Her golden armor still glowed faintly, her wings spread but not aggressive. The spear of light in her hand was dim now, nearly blending into the golden aura around her. Her gaze remained cold but not empty.
"Not me," Sofia replied quietly. "That flame was not born from me."
She lowered her spear slightly, its tip pointing toward the sand, not at Nerys.
"It was an answer," she continued. "From the homes you let sink. From prayers you never heard."
The water rippled harder.
Nerys clenched her teeth, anger and shame mixing together. Physical wounds meant nothing to her but judgment was something she had almost never faced.
"The middle world..." she murmured, her voice trembling. "They are weak. They always ask. The sea cannot protect everything."
"The sea doesn’t have to protect everything," Sofia replied evenly. "But you chose to exploit it."
Silence followed.
For the first time since she appeared, Nerys did not immediately respond. The waves around her slowed, their rhythm disordered, as if the sea itself was uncertain.
In the distance, Alicia finally sank down onto the sand, breathing heavily in relief. The soul vortex had completely calmed. The remaining souls floated peacefully, wrapped in gentle light before slowly fading away.
"...Done," Alicia murmured, exhausted but relieved. "They... were finally heard."
Stacia loosened the temporal layers around them slightly, though she remained alert. Her gaze rested on Sofia, on the golden armor slowly fading a sign that the power was not something meant to last.
Sylvia stepped forward half a pace.
This time, Stacia did not stop her.
Sylvia stood beside Sofia, her death aura calm but present, neither pressing nor threatening. The War Sun Flame within her pulsed softly, responding cautiously to the remnants of judgmental fire.
"Nerys," Sylvia said flatly. "The trial is over."
Nerys turned her head.
The gaze of death met the gaze of the sea not in collision, but in cold acknowledgment of shared consequences.
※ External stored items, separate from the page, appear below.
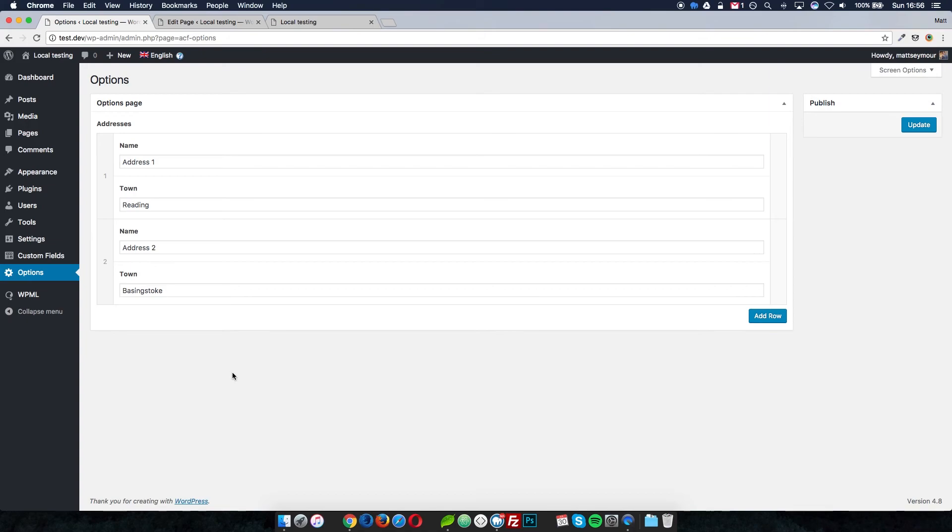Welcome to another tutorial Tuesday. This one is a fix for a problem I've been having. If you use WordPress custom fields with the plugin Advanced Custom Fields Pro, you can create an options page. An options page has global data stored in it, so I could store a series of addresses on an options page and call that up in the footer or in various different places, using that same data in many places in my theme.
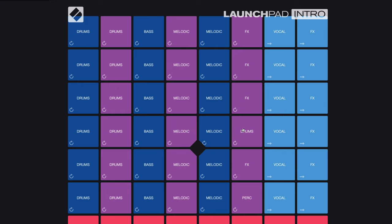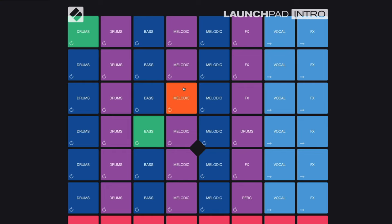So you click one of the buttons to play an audio loop. And then you click another button to add more sound. So bass, melodic, and you can change it to another audio loop.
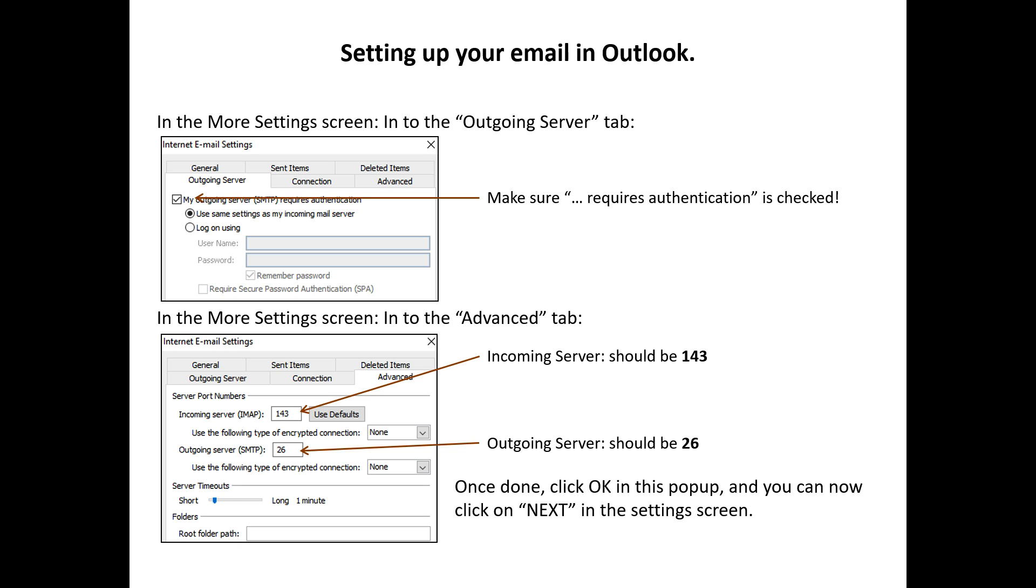In the tab Advanced, make sure Incoming Server is 143. Outgoing Server is 26. Then click OK and click on Next in the Settings screen.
"You allowed her," Nerys said quietly, not entirely angry. "You could have cut me down from the start."
Sylvia shrugged faintly.
"She chose to step forward. My role... was not to stop her."
Sofia closed her eyes briefly.
When she opened them again, the golden light in her eyes had faded, returning to their original color. The golden armor unraveled into warm particles of light, disappearing like embers that had completed their duty. Her wings returned to white, though still trembling slightly.
She exhaled deeply.
The exhaustion finally hit her fully.
But she remained standing.
Nerys stared at her for a long time.
"...You did not sink," she said at last, her voice low and heavy. "And the sea... remembers that."
The water around her calmed further, becoming a smooth surface reflecting the golden sky of the divine realm.